Huh? Why would I want to buy a new stove if that one still works? Does a stainless-steel fridge protect my food better than a white one?
This perceived need to purchase new products is one issue discussed in "The Story of Stuff," a 20-minute online video I just watched.
A thought occurred to me six months or so ago. My grandparents had lived in a small house (at least by American standards), but the houses being built nowadays are much, much bigger -- with seldom-used living rooms and even bonus or game rooms. Why? Family sizes have shrunk, not grown. Most women of my grandparents' generation didn't have to work outside the home. Today that's not the case. I'm all for women working outside the home if they want to. But I'd rather a two-parent income be a choice, not a necessity. Where's the logic in buying a big house if you have to work more to afford it?
Why are storage facilities popular now? With our big houses, don't we have enough room?
We need to get back to basics, back to simplicity. We need to stop deriving our self-worth from the objects we own.

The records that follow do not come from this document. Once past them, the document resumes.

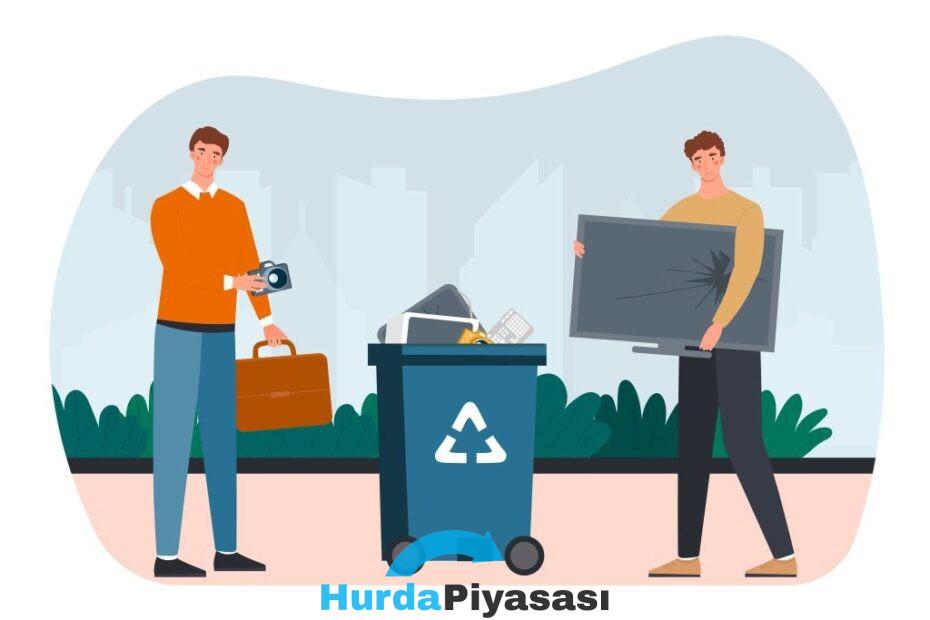 Hurda fiyatlarını kim belirliyor?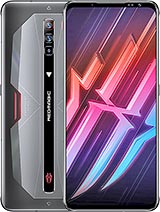 Best available price of ZTE nubia Red Magic 6 Pro in Suisse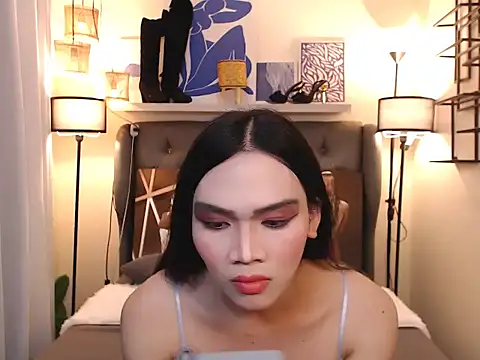 SluttyAmalia online show from December 2025 12:47:01 PM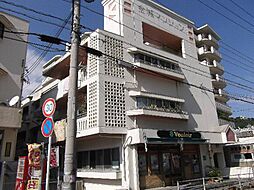 金城マンション 202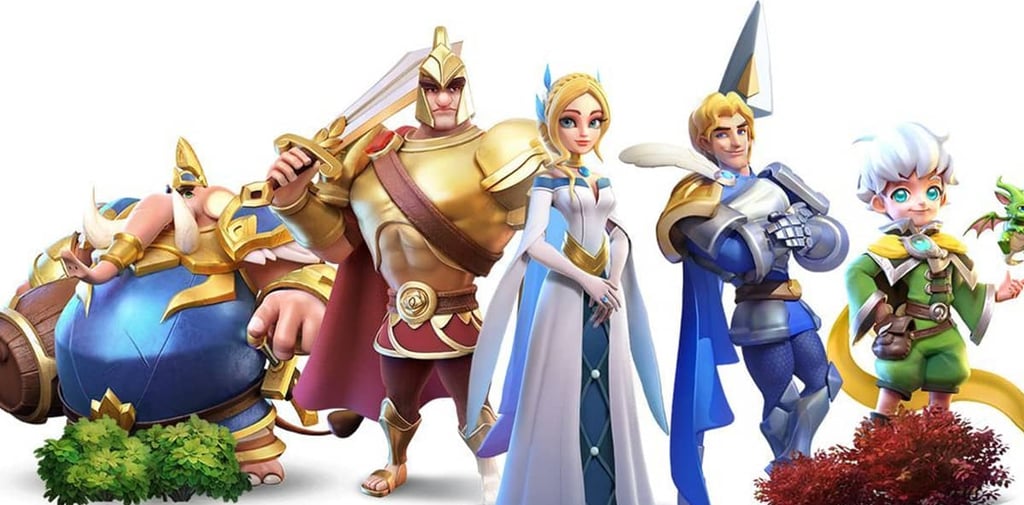 Top-Games-game-dev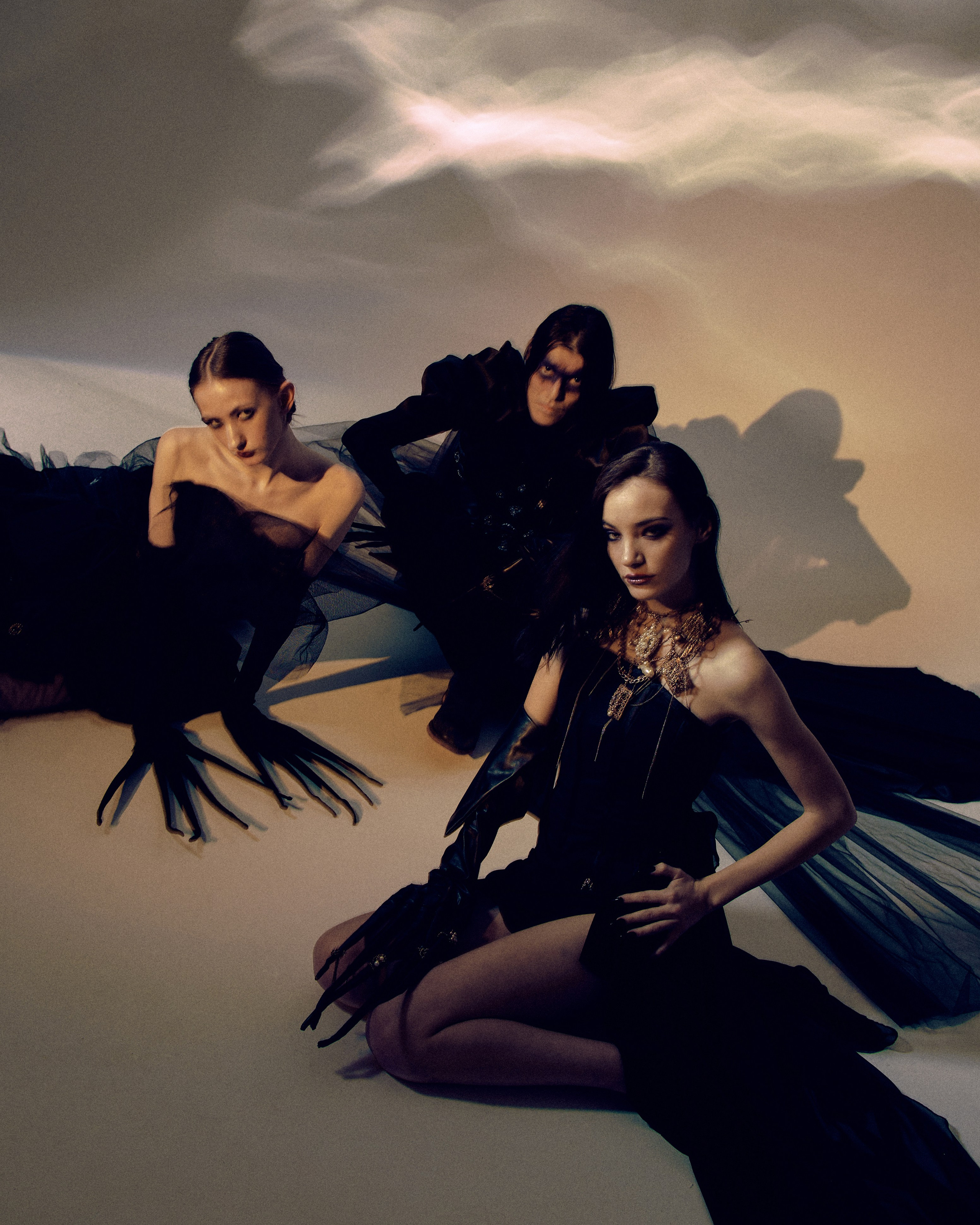 Oleg Zakharov Designer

We need to recognize that companies want us to consume, have trained us to consume.
About 10 years ago my cordless phone broke after only six months or so. Shopping with my sister, I lamented about how quickly the phone had become useless. A customer next to me complained that was commonplace with a lot of products nowadays.
It's called planned obsolescence (ie. obsolete), according to "The Story of Stuff." Companies make their products to break earlier than they should so we go out and purchase another.
The second kind of obsolescence is perceived obsolescence. The iPhone came out only one year ago, yet last week people -- who own the 2007 version -- were camped outside Apple stores overnight to be the first to buy the newer version. And, of course, people who had a cell phone before the original iPhone came out ditched it in favor of the newest thing, at the time.
Now this isn't to say that I'm never wasteful. No one is perfect, and that's not what any of my blog posts are about. My posts are about sharing what I've discovered about animal rights, the environment and our health. With knowledge we can each improve how we live our lives.